■ **Task description**: Which of the lines in the data mention the string "Tripod"? List them all.

(Supplied records)

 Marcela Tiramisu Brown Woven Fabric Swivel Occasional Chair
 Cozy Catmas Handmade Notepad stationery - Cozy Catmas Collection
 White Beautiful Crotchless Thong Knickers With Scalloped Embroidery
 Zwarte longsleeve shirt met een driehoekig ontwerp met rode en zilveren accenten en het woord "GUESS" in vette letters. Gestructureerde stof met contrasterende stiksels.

(End Supplied records)
(Supplied records)

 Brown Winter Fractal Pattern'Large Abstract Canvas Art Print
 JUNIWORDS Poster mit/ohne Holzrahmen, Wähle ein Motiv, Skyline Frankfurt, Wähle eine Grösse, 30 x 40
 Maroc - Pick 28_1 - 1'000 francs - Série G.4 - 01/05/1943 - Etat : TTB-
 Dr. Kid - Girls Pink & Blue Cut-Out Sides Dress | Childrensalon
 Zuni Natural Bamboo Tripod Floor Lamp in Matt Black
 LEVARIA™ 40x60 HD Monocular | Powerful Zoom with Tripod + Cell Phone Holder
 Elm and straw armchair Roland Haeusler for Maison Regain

(End Supplied records)

■ **Exercise result**:
 Zuni Natural Bamboo Tripod Floor Lamp in Matt Black
 LEVARIA™ 40x60 HD Monocular | Powerful Zoom with Tripod + Cell Phone Holder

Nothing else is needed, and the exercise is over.